Des appels à « acheter français » seront une musique douce aux oreilles des syndicats (qui la semaine passée ont collaboré à la « Conférence sociale » avec les employeurs et le gouvernement pour réduire les coûts de la main-d’œuvre) qui cherchent à canaliser l’opposition des travailleurs contre les licenciements de masse dans le nationalisme français, c’est-à-dire l’unité avec le patronat pour imposer les pertes d’emplois aux travailleurs étrangers.

Les syndicats peuvent compter sur le soutien des partis anciennement de gauche, tels le Nouveau Parti anticapitaliste (NPA) et Lutte ouvrière (LO) pour fournir des prétextes et une couverture au gouvernement du Parti socialiste. Ces groupes se plaignent inutilement du « néolibéralisme » en préconisant une intervention du gouvernement et un retour à une politique nationale de protection sociale qui a été rendue impossible par l’intégration économique mondiale. Ce que l’« extrême gauche » veut réellement, c’est adoucir les coups assénés à la classe ouvrière ou leur rythme, et donc la préservation de la paix sociale.

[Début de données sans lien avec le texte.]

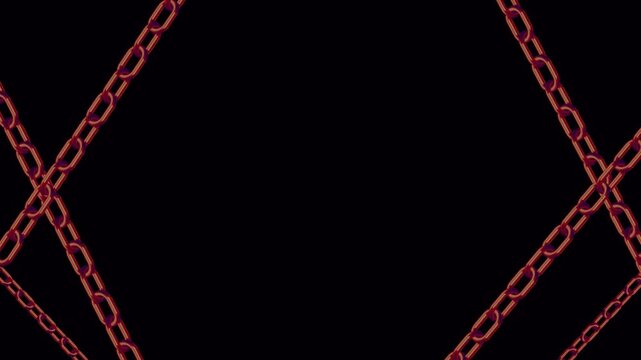 Brown Metal Chains Frame Animation on transparent alpha channels Background with Copy Space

De manière étonnante, l’éditorial du 20 juillet de Lutte ouvrière affirme, en faisant référence à la réunion entre Montebourg et Thierry Peugeot, « On ignore quelles seront les exigences du gouvernement à son égard [Thierry Peugeot]. L’occasion aurait été pourtant belle de montrer aux travailleurs et à l’opinion tout entière dans quel camp il [le gouvernement] se situait. » Comme si la question se posait !

Dans le même ordre d’idée, la dirigeante de LO, Nathalie Arthaud affirme que le gouvernement est « passif » face aux événements de PSA, comme si le Parti socialiste n’avait pas été pendant des décennies l’un des instruments de gouvernement adopté par le capitalisme français.

Le 19 juillet, lors de son passage sur la chaîne de télévision France 2, Olivier Besancenot du NPA a également lancé un appel au gouvernement Hollande pour sauver PSA : « L’État a les moyens d’empêcher concrètement la fermeture du site (d’Aulnay) parce qu’il y a des centaines de millions, peut-être des milliards d’aides publiques qui ont été donnés à PSA. »

Au fur et à mesure que l’opposition des travailleurs croît à l’encontre de la politique droitière du gouvernement PS, les syndicats (tout comme en Grèce et dans l’UE en général) fonctionneront comme les gendarmes de l’austérité, et le NPA et LO (comme SYRIZA en Grèce) chercheront à étouffer tout mouvement indépendant des syndicats et qui menacerait le gouvernement du Parti socialiste.